Durante o mestrado escrevi um artigo em parceria com meu orientador, Germano Bruno Afonso. O texto foi aceito e publicado. Era algo pequeno, mas eu estava no caminho. Jamais teria conseguido realizar aquele trabalho, naquela época, sem o senso crítico e a experiência de meu orientador. E é justamente esta a função do orientador: orientar.

Durante meu pós-doutorado em Stanford, aventurei-me com o primeiro artigo solo escrito seriamente. Era um trabalho sobre mecânica de Hertz. Escrevi com extremo cuidado, mostrei versões preliminares para colegas, recebi críticas, apliquei minhas próprias críticas, procurei ser convincente, evitei redundâncias e ambiguidades, procurei demonstrar familiaridade com o tema. Tudo o que eu queria era descrever as ideias de Hertz sobre mecânica em uma linguagem formal axiomática. Isso contrastaria com a usual noção de que forças são indispensáveis em mecânica newtoniana. Consultei pesquisadores experientes a respeito de opções de periódicos adequados para submissão. Apresentei o trabalho em um evento na Itália, para uma plateia de físicos e filósofos de diferentes cantos do mundo. E somente então submeti o artigo. Foi aceito, sem necessidade de fazer modificações. Hoje este trabalho é citado por Max Jammer, em seu clássico livro sobre conceitos de massa em física. 

Patrick Suppes dizia: "Jamais termino de escrever livro algum, artigo algum. Apenas os abandono." Resultado: centenas de publicações científicas e filosóficas que transformaram o século 20.
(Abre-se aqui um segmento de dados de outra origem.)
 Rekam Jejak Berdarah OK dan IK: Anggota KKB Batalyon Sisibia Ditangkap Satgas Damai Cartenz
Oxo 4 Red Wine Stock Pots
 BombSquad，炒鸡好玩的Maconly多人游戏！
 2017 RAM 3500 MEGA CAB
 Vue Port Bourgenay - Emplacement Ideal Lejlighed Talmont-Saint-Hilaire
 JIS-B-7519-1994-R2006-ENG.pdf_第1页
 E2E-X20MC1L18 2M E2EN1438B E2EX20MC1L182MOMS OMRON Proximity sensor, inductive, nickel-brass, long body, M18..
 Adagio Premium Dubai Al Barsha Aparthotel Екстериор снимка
Conheço minhas limitações. Então, o que faço? Parcerias com profissionais de altíssimo nível e extremamente exigentes. Raramente publico artigos solo. Por quê? Porque assim recebo críticas. Críticas impulsionam resultados melhores, quando sabemos ouvir. Meus trabalhos mais citados são, em sua maioria, artigos feitos em parceria. 

Como se aprende a namorar? Namorando! Como se aprende a escrever? Escrevendo! Como se aprende a pensar? Pensando! 

Se quiserem discursar sobre como discursar, fiquem à vontade. Mas acho que existem coisas mais importantes para se fazer. Casei com a ciência, sem terno e sem sapato italiano. Mas vivo uma relação estável e relativamente afetuosa.